___ Data shown

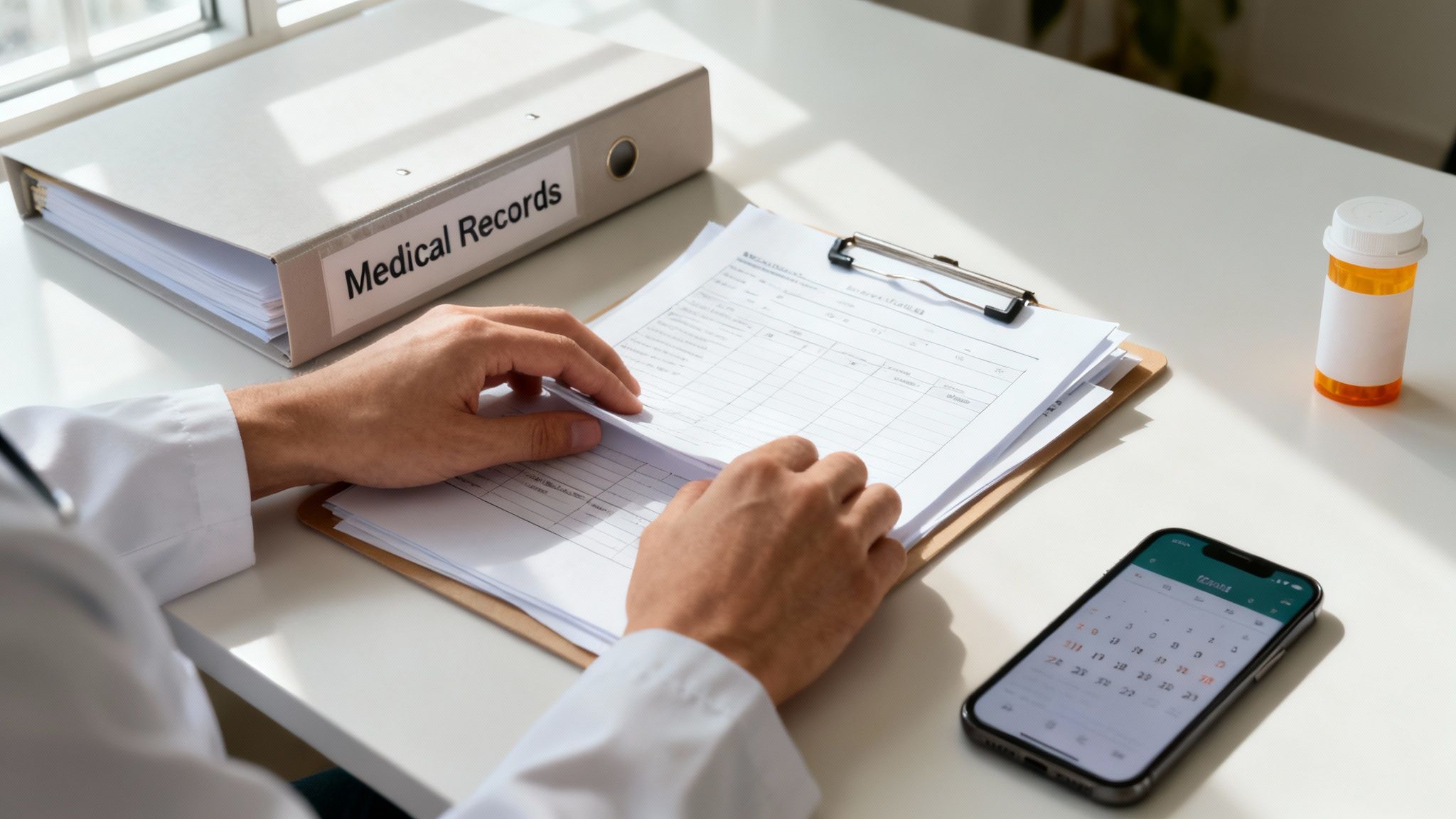 A doctor reviews medical records on a desk with a binder, clipboard, pill bottle, and smartphone.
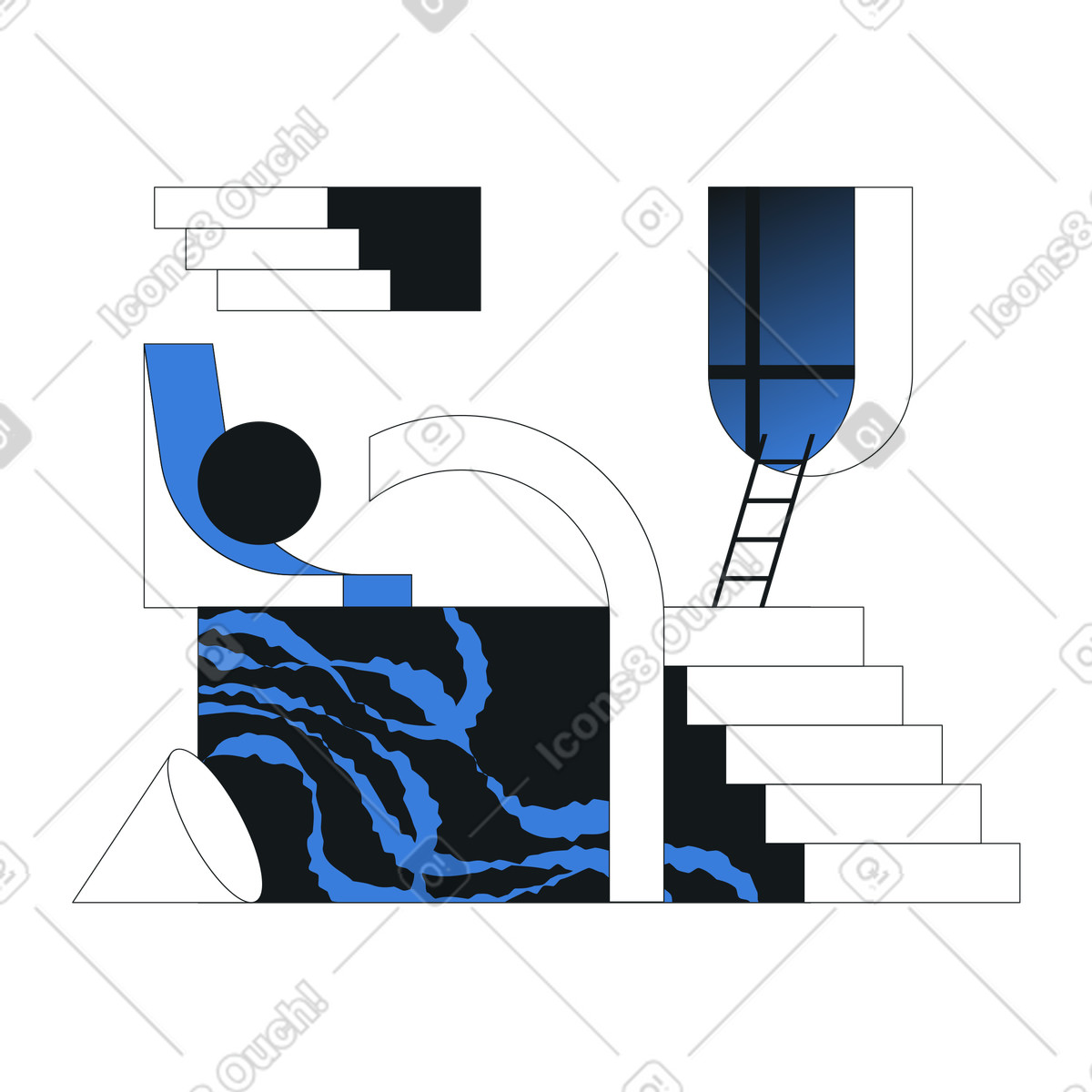 Scale astratte con forme geometriche, percorso astratto verso la crescita illustrazione in stile Midnight scarica in PNG, SVG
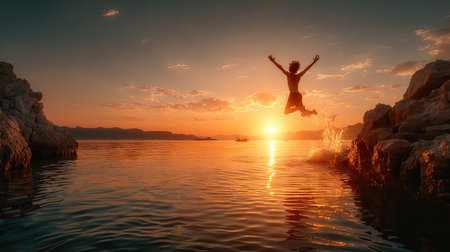 Silhouette of woman jumping from cliff into the water at sunsetの素材
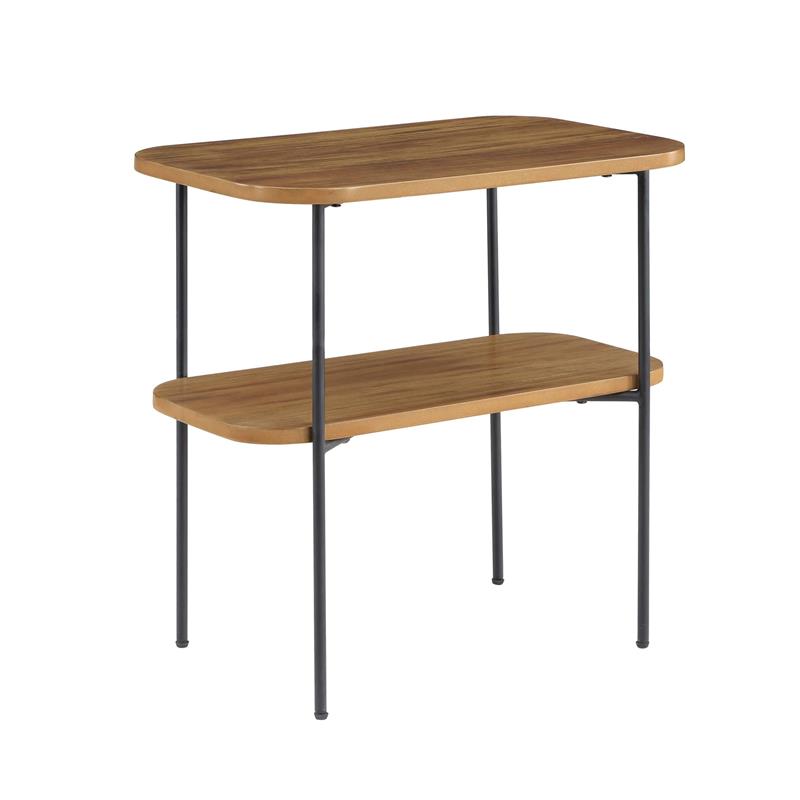 Home Square Lunar Chairside End Table with Shelf in Brown Wood Finish - Set of 2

______

▶ Your task: Pictures must not appear in the copy, which must otherwise match the listing exactly.

▶ Response to the task:
 A doctor reviews medical records on a desk with a binder, clipboard, pill bottle, and smartphone.
 Scale astratte con forme geometriche, percorso astratto verso la crescita illustrazione in stile Midnight scarica in PNG, SVG
 Silhouette of woman jumping from cliff into the water at sunsetの素材
 Home Square Lunar Chairside End Table with Shelf in Brown Wood Finish - Set of 2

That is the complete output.